TRY IT –
Copy out all the lines of the data precisely, omitting any pictures.

DATASET EXTRACT –
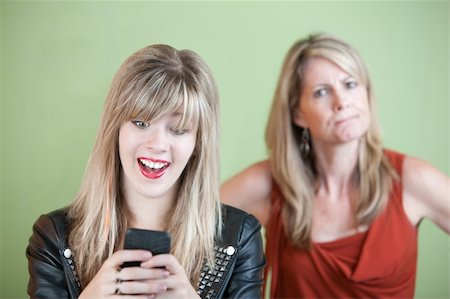 simsearch:400-05918419,k - Angry woman behind excited teen on mobile phone Stock Photo - Budget Royalty-Free & Subscription, Code: 400-05754654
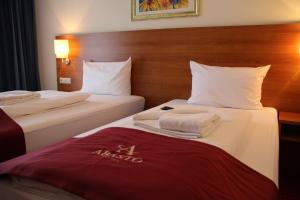 Postel nebo postele na pokoji v ubytování Abasto Hotel Eichenau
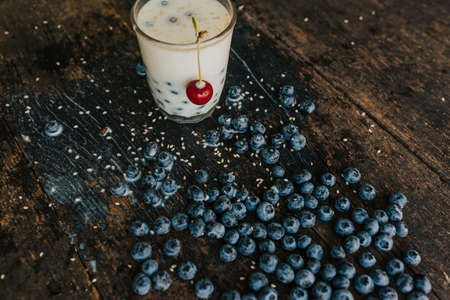Red cherry hangs on a glass, everything is covered with sesame seeds on top, milk is spilled on the table. Blueberries float in a transparent glass with milk. Blue fresh blueberries are scatteredの写真素材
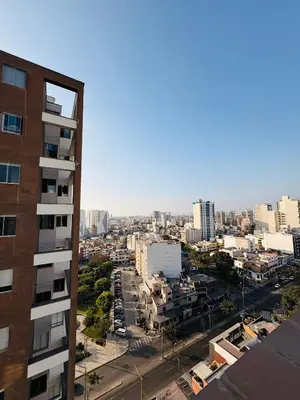 a view of a city with a tall building at Departamento AltoVerde - Pueblo Libre in Lima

OUTPUT BELOW –
 simsearch:400-05918419,k - Angry woman behind excited teen on mobile phone Stock Photo - Budget Royalty-Free & Subscription, Code: 400-05754654
 Postel nebo postele na pokoji v ubytování Abasto Hotel Eichenau
Red cherry hangs on a glass, everything is covered with sesame seeds on top, milk is spilled on the table. Blueberries float in a transparent glass with milk. Blue fresh blueberries are scatteredの写真素材
 a view of a city with a tall building at Departamento AltoVerde - Pueblo Libre in Lima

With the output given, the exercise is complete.